In my somewhat unrealistic school project regarding space tourism to Mars we have to accelerate a 500 ton module (mass of propellant and engines not included) from LEO to an orbit around the sun at Mars' distance. We have to transport all the fuel and propellants to the module ourselves.
When choosing engines, I'm not sure whether or not i should prioritize specific impulse or thrust to weight ratio.

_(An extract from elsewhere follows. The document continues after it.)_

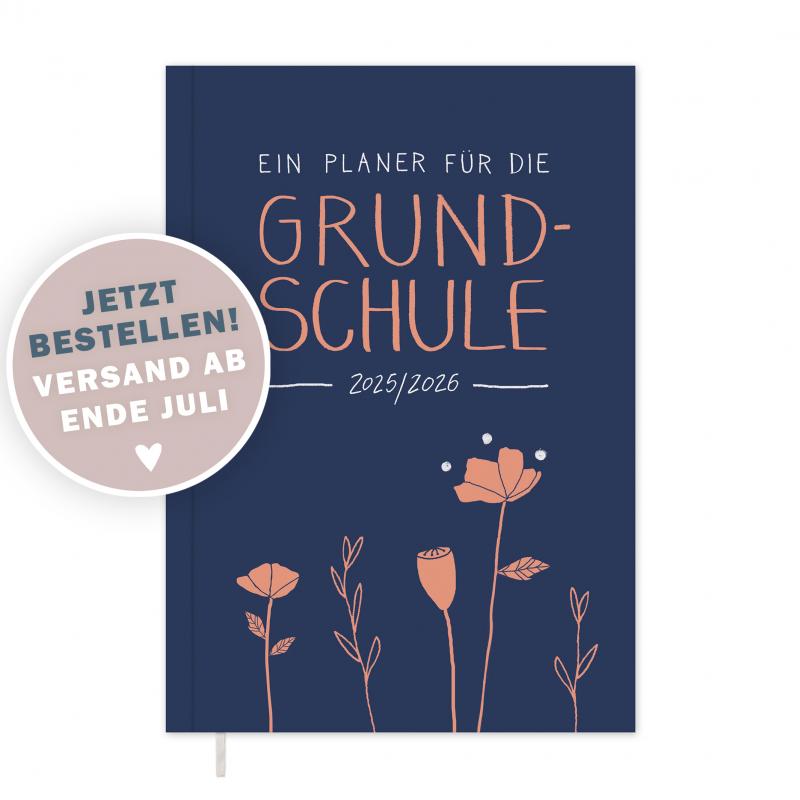 Lehrerkalender 2025 2026 blau mit rosa Blumen mit Planungshelfer für Unterrichtsvorbereitung und Schuljahr Planung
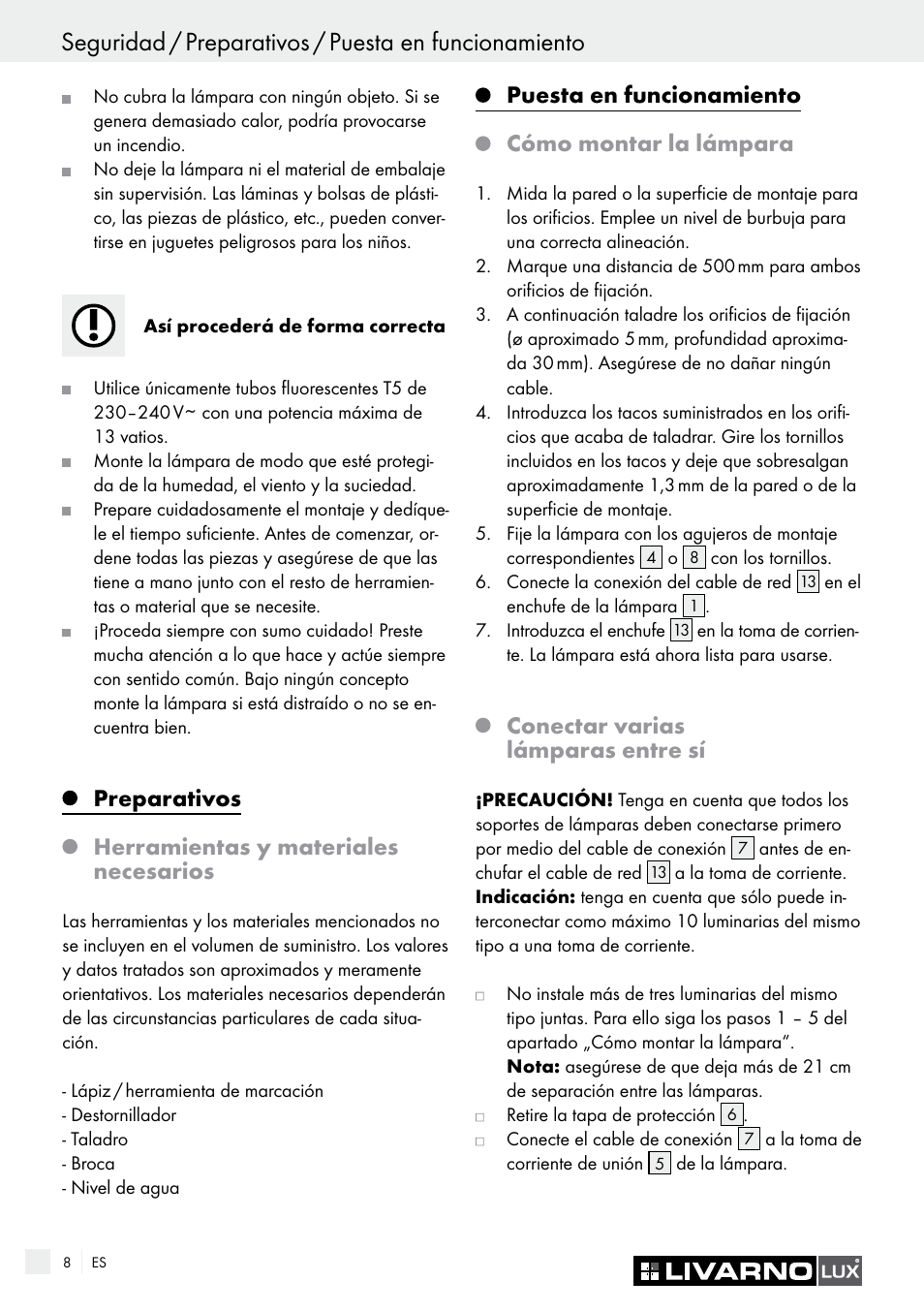 Preparativos, Herramientas y materiales necesarios, Puesta en funcionamiento | Cómo montar la lámpara, Conectar varias lámparas entre sí | Livarno 2592-014L or 2592-016L User Manual | Page 8 / 37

I want to calculate the propellant mass (and the amount of rockets) needed to achieve the desired delta v with the following equations.
Total impulse ($J_{tot}$):
$$J_{tot} = F_{avg} \cdot t$$
Engine burn time ($t$):
$$t = \frac{m_{propellant}}{\dot{m}}$$
Propellant flow rate ($\dot{m}$):
$$\dot{m} = \frac{F_{avg}}{I_{sp}}$$
Then:
$$\Delta p = m \cdot \Delta v$$
$$\Delta p = F \cdot \Delta t$$
My two questions are:
1: Regarding engine specifications, what's the difference between using their thrust to weight ratio or specific impulse as measurement of how effectively the engine achieve change in speed relative to their weight? I understand that the "weight" in thrust to weight ratio sometimes refers to the weight of the entire rocket so my spontaneous feeling is that in the specifications of engines, weight refers to the dry weight of the engine while specific impulse expresses the efficiency relative to propellant mass but I don't know. Should thrust to weight be prioritized (like Merlin 1D vacuum) or something with higher specific impulse?
2: How long can an engine burn fuel? Burn time is sometimes specified for engines but is it possible to prolong this? Are the engines' capabilities the limiting factor or is it the mass of propellant available? Or a little bit of both?